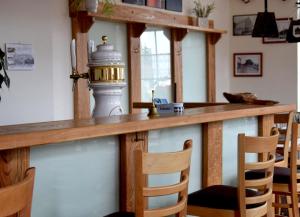 Maison d'hôtes Landhotel und Gasthof Stadt Nürnberg Schenkgasse 1 06313 Ahlsdorf Saxe-Anhalt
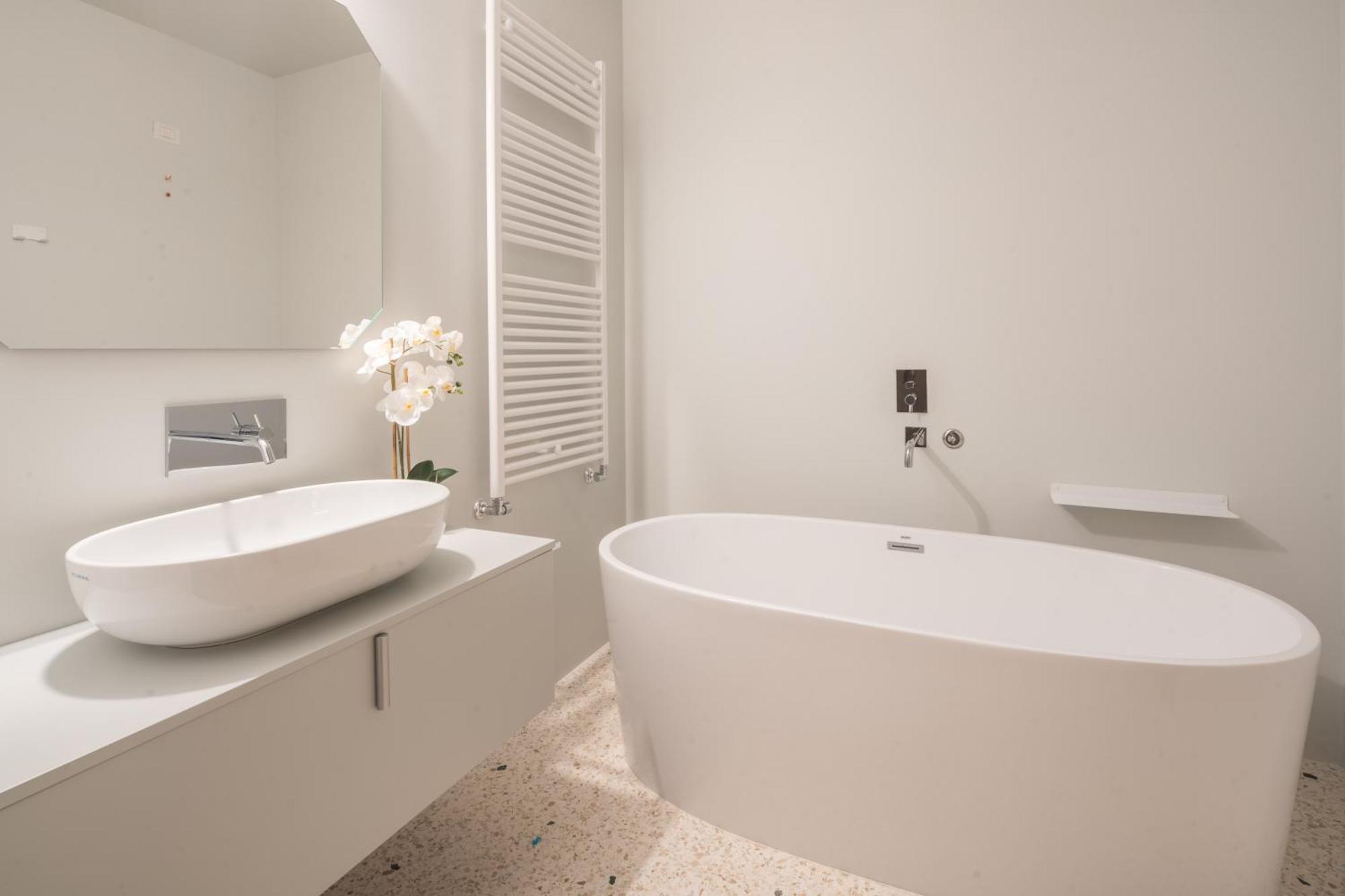 Ninfea Luxury Affittacamere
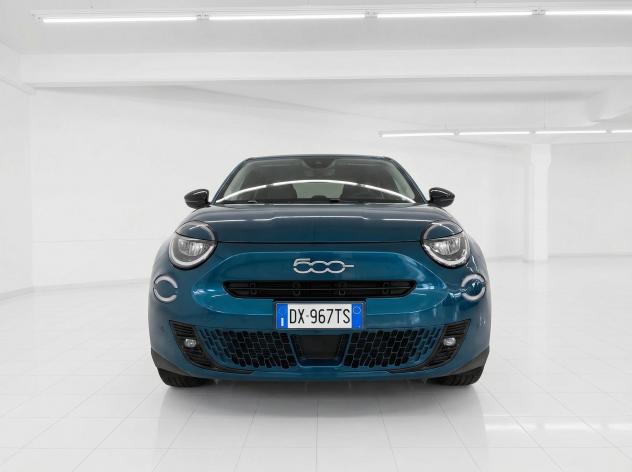 FIAT 600e Elettrica 156cv La Prima con pompa di calore - Foto 3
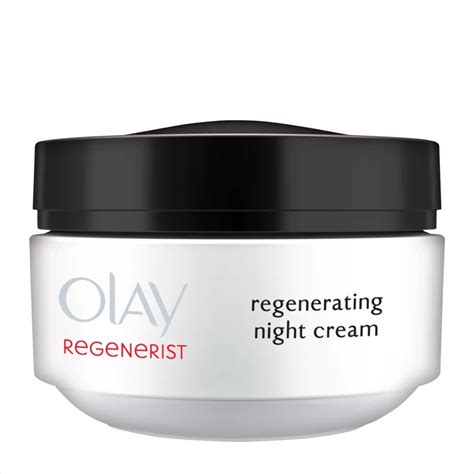 Olay Regenerist Night All Night Recovery Cream 50ml Sephora Uk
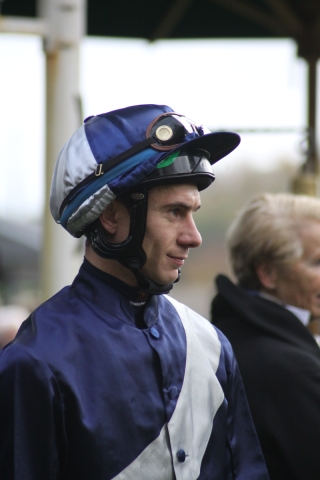 Michael Cadeddu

About this exercise:
Retype the records in full. Do not carry over the images.

Written answer:
 Maison d'hôtes Landhotel und Gasthof Stadt Nürnberg Schenkgasse 1 06313 Ahlsdorf Saxe-Anhalt
 Ninfea Luxury Affittacamere
 FIAT 600e Elettrica 156cv La Prima con pompa di calore - Foto 3
 Olay Regenerist Night All Night Recovery Cream 50ml Sephora Uk
 Michael Cadeddu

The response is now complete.